Sephora Product Success: Capstone and Final Project
The skills we demoed here can be learned through taking Data Science with Machine Learning bootcamp with NYC Data Science Academy.
Similar to the Home Depot of tools, or the Staples of office supplies, Sephora is one of the largest beauty retailers in the United States. They carry a wide range of makeup, skincare, haircare, fragrance, and much more. For my final project, I chose to conduct a visual analysis and several machine learning experiments on data obtained from Sephora.com. In total, I collected the information of over 7,400 individual products for this project. My overall goal is to predict a product's star rating and recommendation rate.
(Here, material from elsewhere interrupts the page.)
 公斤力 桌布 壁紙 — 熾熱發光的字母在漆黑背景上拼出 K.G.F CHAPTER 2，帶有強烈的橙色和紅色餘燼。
Below is a screenshot of an example product page. The main variables of interest are in yellow:
Scraping and Variable Explanation
To gather all the variables (product name, brand, loves, category, reviews, star-rating, price, etc.), I performed web scraping of Sephora.com using Selenium and Python. I recycled some scraping code from a former NYC Data Science Academy student who had previously scraped Sephora, Gurminder Kaur. In order to scrape every product, I had to navigate through 2 pages: the list of brands, and the brand's product page.
From the 'Details' section, I was able to pull the following characteristic features of products sold by Sephora, including:
- Skin Type: a callout used for when a product is made for a specific skin type; Oily, Combination, Dry, Normal.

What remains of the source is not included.